- _Your objective_:
How many lines in the records below contain the string "show"? Answer with the number alone.

- _Records to process_:
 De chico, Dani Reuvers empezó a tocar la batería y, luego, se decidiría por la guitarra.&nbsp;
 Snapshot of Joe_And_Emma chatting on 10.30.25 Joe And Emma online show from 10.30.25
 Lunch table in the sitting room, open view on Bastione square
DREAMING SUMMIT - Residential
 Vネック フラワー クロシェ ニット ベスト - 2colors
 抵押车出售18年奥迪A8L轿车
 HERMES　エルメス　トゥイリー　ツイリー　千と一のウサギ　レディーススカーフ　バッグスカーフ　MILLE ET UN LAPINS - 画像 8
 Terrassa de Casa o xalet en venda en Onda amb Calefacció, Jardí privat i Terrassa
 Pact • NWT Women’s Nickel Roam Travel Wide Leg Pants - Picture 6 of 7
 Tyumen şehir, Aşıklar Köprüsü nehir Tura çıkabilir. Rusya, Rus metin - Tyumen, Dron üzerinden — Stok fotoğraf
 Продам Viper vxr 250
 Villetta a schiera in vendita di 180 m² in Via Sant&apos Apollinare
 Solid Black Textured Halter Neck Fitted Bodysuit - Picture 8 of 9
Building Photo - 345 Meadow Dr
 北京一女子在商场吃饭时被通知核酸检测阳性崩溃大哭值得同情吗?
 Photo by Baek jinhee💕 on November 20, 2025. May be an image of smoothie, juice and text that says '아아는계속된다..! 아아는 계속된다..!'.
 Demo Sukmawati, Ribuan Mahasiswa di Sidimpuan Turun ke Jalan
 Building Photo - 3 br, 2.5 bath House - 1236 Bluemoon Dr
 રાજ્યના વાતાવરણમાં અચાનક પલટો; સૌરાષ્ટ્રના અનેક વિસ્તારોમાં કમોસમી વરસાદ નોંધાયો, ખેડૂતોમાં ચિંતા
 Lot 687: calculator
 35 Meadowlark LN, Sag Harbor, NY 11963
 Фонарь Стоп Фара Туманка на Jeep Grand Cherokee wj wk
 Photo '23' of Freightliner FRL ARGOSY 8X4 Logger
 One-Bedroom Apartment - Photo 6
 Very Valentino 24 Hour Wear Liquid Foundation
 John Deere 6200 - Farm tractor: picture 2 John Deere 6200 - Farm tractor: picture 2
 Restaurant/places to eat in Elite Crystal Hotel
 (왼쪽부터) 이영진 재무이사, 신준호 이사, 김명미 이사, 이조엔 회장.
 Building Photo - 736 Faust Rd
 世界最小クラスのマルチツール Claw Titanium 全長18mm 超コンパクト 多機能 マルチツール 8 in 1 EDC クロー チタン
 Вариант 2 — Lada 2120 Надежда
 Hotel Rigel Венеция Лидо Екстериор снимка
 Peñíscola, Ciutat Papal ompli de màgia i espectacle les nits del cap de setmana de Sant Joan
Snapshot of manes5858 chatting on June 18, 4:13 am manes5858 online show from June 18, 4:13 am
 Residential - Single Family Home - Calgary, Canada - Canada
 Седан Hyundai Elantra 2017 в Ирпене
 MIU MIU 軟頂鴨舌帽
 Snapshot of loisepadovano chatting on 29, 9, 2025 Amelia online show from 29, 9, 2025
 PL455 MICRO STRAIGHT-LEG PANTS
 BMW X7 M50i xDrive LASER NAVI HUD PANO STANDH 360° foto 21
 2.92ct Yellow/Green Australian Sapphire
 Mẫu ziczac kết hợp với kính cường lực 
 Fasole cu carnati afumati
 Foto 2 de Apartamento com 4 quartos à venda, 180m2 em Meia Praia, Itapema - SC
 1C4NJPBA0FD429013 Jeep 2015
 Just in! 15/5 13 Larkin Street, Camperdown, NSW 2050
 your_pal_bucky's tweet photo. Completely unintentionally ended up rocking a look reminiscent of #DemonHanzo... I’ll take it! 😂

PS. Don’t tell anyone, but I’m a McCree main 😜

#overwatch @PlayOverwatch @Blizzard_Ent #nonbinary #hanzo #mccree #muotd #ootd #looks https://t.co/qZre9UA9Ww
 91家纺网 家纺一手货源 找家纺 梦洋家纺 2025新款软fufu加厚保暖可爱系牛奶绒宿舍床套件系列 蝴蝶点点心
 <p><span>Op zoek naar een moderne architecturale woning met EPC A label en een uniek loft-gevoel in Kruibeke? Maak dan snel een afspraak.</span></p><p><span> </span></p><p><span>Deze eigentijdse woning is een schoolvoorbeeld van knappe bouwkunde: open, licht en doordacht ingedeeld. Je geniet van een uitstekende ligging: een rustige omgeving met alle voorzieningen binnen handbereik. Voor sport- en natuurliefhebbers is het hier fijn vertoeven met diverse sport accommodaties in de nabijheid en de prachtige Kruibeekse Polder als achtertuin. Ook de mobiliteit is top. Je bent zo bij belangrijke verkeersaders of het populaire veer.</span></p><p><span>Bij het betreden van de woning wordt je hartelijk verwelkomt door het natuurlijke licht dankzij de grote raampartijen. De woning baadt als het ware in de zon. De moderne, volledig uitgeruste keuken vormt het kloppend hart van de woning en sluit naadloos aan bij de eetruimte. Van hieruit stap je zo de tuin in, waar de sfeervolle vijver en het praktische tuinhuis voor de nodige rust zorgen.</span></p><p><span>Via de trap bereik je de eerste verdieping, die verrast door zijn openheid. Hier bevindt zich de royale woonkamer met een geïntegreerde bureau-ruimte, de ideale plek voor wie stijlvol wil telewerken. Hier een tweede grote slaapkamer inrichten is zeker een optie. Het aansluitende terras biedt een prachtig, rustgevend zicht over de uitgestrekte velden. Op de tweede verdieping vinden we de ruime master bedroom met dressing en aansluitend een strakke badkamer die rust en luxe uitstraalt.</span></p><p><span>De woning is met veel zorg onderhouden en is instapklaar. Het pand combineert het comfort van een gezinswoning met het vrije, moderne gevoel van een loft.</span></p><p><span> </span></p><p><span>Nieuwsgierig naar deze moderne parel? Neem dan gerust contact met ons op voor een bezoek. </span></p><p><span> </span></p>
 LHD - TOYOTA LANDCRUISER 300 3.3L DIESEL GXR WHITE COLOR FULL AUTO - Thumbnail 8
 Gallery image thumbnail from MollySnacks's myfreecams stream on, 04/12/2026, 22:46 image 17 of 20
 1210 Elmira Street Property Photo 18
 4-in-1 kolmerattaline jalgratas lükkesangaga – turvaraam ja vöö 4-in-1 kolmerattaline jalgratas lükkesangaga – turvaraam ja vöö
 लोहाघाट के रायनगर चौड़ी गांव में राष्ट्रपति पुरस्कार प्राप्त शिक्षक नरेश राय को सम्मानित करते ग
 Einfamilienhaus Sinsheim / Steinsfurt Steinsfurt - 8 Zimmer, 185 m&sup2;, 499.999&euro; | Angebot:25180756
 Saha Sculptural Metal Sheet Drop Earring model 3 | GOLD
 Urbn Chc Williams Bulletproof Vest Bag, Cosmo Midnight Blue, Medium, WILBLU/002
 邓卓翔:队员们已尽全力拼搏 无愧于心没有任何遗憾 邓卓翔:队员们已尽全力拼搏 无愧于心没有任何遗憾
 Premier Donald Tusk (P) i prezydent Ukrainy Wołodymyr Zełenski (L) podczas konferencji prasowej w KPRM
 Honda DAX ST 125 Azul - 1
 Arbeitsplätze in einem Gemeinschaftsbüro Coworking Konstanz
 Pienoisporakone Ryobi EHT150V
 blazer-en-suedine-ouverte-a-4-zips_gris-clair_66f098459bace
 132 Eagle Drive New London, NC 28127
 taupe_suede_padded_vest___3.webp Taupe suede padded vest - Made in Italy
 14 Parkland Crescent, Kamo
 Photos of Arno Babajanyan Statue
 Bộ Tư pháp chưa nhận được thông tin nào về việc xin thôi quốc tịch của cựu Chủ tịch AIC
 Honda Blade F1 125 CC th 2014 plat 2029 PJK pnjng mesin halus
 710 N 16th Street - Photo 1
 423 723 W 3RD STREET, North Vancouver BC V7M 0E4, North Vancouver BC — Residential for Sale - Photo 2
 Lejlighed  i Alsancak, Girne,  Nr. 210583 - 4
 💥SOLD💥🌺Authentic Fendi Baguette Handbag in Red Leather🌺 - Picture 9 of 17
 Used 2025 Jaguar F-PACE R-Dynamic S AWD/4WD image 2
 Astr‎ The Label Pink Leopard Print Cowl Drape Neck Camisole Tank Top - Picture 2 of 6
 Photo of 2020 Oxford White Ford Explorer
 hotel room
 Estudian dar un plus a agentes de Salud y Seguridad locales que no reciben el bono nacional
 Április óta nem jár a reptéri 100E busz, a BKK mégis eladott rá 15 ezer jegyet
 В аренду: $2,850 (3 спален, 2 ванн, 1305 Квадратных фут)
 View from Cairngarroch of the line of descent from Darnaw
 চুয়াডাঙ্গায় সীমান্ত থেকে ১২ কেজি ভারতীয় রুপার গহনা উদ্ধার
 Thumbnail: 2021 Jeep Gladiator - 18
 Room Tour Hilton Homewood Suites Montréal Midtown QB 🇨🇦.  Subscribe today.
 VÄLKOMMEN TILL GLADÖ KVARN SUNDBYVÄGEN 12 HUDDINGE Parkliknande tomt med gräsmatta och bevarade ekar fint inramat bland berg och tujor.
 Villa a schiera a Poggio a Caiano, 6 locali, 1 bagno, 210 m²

- _Result below_:
3